Chanteuse, musicienne et comédienne, Camélia Jordana signe avec Lost un album très personnel qui secoue ses influences et ses origines multiples dans un envoûtant kaléidoscope musical comme un instantané du chaos contemporain.
Celles et ceux qui ont encore à l’oreille la Camélia Jordana de Non, non, non seront sans doute bien surpris par son nouvel album Lost publié quatre ans après le précédent Dans la peau. Fini la chanson française aux accents pop, place à une musique plus personnelle qui sonne comme un grand zapping entre toutes ses influences et ses origines. Loin d’être indigeste, ce grand mix parfaitement maîtrisé régale les tympans.

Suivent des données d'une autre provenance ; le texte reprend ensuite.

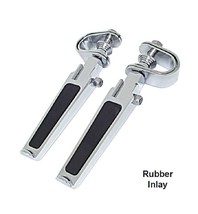 FOOT PEGS Highway Pegs Rubber Inlay CLAMP-ON 1&quot; &amp; 1-1/4&quot; CHROME HARLEY &amp;... - $29.45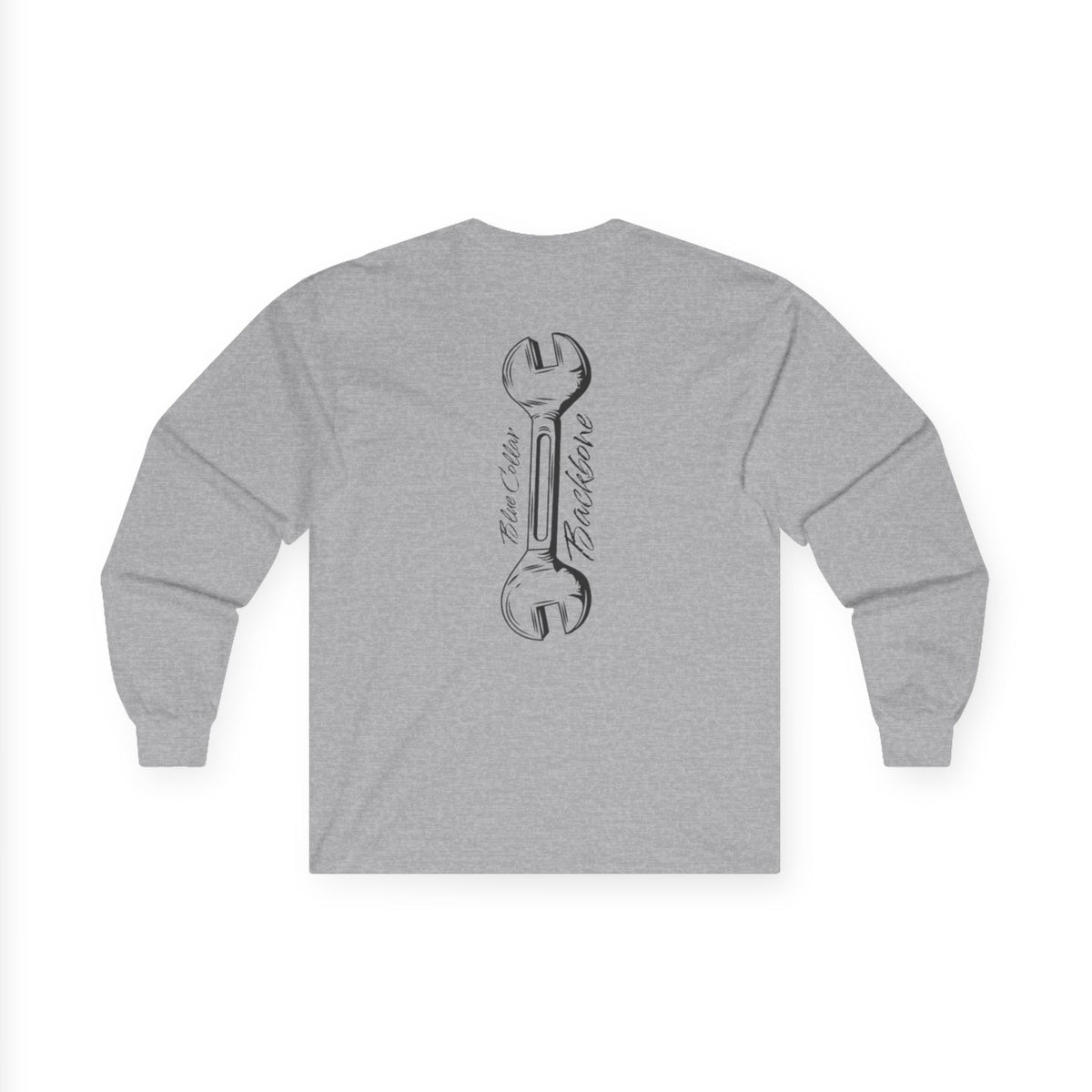 Blue Collar Backbone Long Sleeve Tee, Workwear Graphic Shirt, Men's Women's Casual Top, Comfortable Cotton Clothing, Industrial Style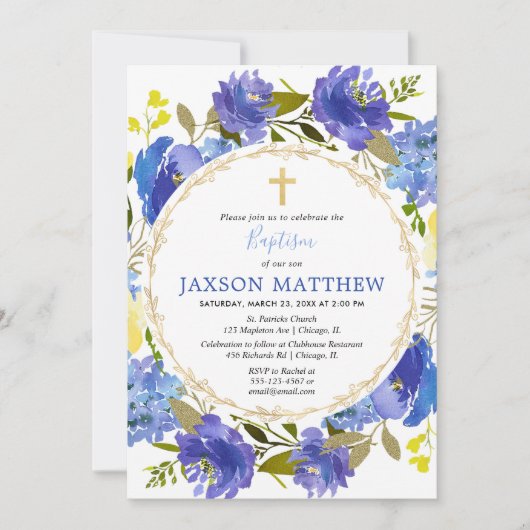 青および黄色の花の男の子の洗礼の招待状 招待状 (正面)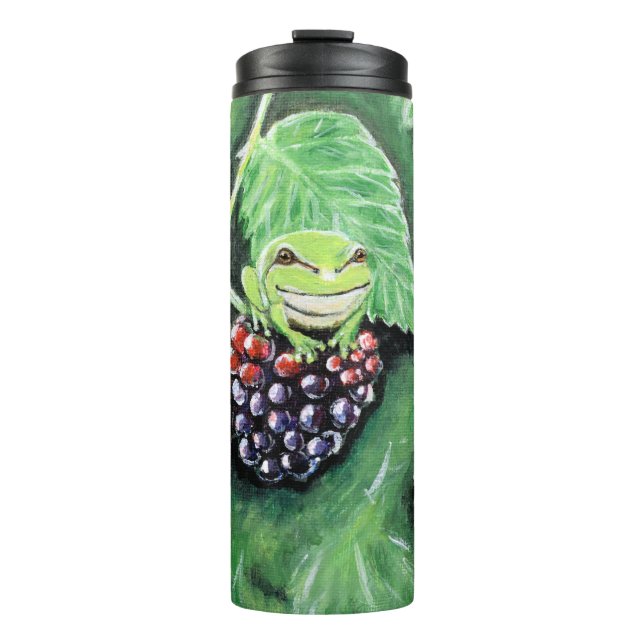 Tiny Tree Frog on a Blackberry Painting Thermal Tumbler (Front)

Sorti après un premier EP de trois titres réalisé avec Laurent Bardainne, la chanteuse, et désormais actrice, a voulu prendre les choses en main avec un album qui reflète tant ses plaisirs d’écoute que ses origines multiples française, algérienne kabyle.
Réagir au chaos
Dans la vidéo de Gangster, premier titre extrait de l’album elle s’amuse à jouer avec les images et les identités. Présentatrice télé, activiste dans une manif, jeune arabe coincée par deux flics dans un commissariat ou diva glamour de la téléréalité, elle balance les personnages sur un morceau funk électro à la basse énorme où elle n’a pas peur d’écorcher sa voix.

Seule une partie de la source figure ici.